▶ **The task**
From the line containing "Kapesní příručka pravidelných" to the last line of the records below, repeat every line exactly and add nothing else.

[Source records — start]

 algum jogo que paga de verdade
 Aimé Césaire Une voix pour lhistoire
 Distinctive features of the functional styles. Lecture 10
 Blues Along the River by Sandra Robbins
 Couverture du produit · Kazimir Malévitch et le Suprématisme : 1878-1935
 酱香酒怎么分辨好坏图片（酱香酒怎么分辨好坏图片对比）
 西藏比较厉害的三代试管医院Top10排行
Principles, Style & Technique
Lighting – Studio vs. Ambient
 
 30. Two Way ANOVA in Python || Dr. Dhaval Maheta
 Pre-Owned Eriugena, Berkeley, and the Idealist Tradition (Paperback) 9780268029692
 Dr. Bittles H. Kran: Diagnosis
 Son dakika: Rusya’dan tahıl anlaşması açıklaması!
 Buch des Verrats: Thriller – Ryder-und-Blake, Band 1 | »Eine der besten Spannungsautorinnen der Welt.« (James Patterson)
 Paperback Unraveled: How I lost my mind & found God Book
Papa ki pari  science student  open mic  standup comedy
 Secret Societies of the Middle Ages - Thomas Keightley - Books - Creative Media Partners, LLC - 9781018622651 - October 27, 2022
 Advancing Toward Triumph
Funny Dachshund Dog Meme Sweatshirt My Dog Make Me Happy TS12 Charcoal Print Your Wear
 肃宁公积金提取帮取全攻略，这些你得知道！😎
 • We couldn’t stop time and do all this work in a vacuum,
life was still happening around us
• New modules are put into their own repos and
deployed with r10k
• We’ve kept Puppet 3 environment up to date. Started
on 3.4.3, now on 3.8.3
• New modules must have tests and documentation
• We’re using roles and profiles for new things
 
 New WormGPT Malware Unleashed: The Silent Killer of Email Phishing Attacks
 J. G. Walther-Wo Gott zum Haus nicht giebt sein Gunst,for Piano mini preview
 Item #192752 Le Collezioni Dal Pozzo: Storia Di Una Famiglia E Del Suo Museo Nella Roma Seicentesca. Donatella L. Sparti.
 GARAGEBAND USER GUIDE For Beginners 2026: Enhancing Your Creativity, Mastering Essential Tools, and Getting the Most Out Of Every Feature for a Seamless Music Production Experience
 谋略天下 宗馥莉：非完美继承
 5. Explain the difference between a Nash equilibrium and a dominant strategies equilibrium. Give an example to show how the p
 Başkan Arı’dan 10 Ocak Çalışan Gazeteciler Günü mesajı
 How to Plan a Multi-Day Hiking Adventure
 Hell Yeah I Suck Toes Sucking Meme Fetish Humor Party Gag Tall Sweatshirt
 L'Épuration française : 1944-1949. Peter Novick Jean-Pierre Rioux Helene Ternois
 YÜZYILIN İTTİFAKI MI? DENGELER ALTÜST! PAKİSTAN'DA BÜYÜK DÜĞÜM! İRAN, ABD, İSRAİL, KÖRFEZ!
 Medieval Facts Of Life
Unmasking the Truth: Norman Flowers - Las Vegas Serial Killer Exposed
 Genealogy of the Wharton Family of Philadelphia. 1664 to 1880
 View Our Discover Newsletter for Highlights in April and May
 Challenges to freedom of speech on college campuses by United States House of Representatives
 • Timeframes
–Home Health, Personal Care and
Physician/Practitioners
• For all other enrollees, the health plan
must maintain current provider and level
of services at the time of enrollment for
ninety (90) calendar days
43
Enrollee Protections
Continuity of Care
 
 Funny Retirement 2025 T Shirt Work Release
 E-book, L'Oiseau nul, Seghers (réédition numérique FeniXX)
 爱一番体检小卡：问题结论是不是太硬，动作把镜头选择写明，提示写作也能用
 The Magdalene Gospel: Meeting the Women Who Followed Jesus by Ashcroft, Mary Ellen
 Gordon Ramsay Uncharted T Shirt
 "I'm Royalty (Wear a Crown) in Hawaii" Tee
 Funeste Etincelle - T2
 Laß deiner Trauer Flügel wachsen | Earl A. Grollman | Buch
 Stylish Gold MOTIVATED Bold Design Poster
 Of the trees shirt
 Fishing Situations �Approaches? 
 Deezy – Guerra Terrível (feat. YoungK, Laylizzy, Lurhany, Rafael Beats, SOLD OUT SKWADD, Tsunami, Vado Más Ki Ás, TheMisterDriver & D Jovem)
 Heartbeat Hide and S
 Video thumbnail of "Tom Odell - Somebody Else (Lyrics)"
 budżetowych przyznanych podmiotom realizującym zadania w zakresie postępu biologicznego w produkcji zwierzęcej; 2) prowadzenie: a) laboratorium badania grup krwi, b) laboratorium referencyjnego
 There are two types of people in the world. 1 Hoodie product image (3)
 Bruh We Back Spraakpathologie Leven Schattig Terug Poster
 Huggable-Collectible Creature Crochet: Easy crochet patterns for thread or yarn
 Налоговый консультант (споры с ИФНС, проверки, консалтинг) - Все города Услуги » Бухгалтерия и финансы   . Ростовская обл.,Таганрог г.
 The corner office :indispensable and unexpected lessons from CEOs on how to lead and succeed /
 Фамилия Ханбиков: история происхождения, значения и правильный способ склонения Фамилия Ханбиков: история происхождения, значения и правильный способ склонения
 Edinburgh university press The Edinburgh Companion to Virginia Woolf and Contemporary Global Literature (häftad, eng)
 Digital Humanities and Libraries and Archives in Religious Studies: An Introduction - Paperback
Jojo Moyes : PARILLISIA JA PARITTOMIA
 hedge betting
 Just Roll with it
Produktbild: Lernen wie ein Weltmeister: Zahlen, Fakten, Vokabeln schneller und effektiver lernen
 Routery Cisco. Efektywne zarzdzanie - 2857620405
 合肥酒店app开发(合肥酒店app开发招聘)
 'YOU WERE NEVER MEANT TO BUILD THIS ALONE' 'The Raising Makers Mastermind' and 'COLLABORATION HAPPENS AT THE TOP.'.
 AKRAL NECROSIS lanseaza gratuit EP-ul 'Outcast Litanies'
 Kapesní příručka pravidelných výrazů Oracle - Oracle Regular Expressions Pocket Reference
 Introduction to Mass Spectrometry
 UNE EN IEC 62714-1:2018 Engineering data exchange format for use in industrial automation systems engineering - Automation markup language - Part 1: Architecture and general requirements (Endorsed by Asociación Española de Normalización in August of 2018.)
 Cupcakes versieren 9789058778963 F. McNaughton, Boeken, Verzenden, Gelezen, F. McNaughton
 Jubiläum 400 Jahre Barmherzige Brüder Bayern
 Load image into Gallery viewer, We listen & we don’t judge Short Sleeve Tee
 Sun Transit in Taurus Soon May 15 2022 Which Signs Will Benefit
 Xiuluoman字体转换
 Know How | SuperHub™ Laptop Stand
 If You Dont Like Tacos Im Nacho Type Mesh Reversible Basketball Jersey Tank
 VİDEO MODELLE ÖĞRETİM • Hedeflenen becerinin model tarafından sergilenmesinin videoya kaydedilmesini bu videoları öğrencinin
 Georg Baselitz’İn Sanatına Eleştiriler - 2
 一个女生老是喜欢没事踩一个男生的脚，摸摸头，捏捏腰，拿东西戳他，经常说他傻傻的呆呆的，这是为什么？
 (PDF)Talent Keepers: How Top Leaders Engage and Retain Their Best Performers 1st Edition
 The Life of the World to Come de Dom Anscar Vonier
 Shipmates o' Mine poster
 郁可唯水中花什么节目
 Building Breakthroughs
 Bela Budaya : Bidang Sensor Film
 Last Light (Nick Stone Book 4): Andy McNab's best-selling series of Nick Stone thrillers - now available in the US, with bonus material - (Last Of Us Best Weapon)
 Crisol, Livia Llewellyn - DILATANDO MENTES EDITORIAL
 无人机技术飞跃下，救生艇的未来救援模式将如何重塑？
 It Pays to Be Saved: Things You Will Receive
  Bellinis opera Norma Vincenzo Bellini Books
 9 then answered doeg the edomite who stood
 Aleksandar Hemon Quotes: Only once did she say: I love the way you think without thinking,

[Source records — finish]

▶ **Response area**
 Kapesní příručka pravidelných výrazů Oracle - Oracle Regular Expressions Pocket Reference
 Introduction to Mass Spectrometry
 UNE EN IEC 62714-1:2018 Engineering data exchange format for use in industrial automation systems engineering - Automation markup language - Part 1: Architecture and general requirements (Endorsed by Asociación Española de Normalización in August of 2018.)
 Cupcakes versieren 9789058778963 F. McNaughton, Boeken, Verzenden, Gelezen, F. McNaughton
 Jubiläum 400 Jahre Barmherzige Brüder Bayern
 Load image into Gallery viewer, We listen & we don’t judge Short Sleeve Tee
 Sun Transit in Taurus Soon May 15 2022 Which Signs Will Benefit
 Xiuluoman字体转换
 Know How | SuperHub™ Laptop Stand
 If You Dont Like Tacos Im Nacho Type Mesh Reversible Basketball Jersey Tank
 VİDEO MODELLE ÖĞRETİM • Hedeflenen becerinin model tarafından sergilenmesinin videoya kaydedilmesini bu videoları öğrencinin
 Georg Baselitz’İn Sanatına Eleştiriler - 2
 一个女生老是喜欢没事踩一个男生的脚，摸摸头，捏捏腰，拿东西戳他，经常说他傻傻的呆呆的，这是为什么？
 (PDF)Talent Keepers: How Top Leaders Engage and Retain Their Best Performers 1st Edition
 The Life of the World to Come de Dom Anscar Vonier
 Shipmates o' Mine poster
 郁可唯水中花什么节目
 Building Breakthroughs
 Bela Budaya : Bidang Sensor Film
 Last Light (Nick Stone Book 4): Andy McNab's best-selling series of Nick Stone thrillers - now available in the US, with bonus material - (Last Of Us Best Weapon)
 Crisol, Livia Llewellyn - DILATANDO MENTES EDITORIAL
 无人机技术飞跃下，救生艇的未来救援模式将如何重塑？
 It Pays to Be Saved: Things You Will Receive
  Bellinis opera Norma Vincenzo Bellini Books
 9 then answered doeg the edomite who stood
 Aleksandar Hemon Quotes: Only once did she say: I love the way you think without thinking,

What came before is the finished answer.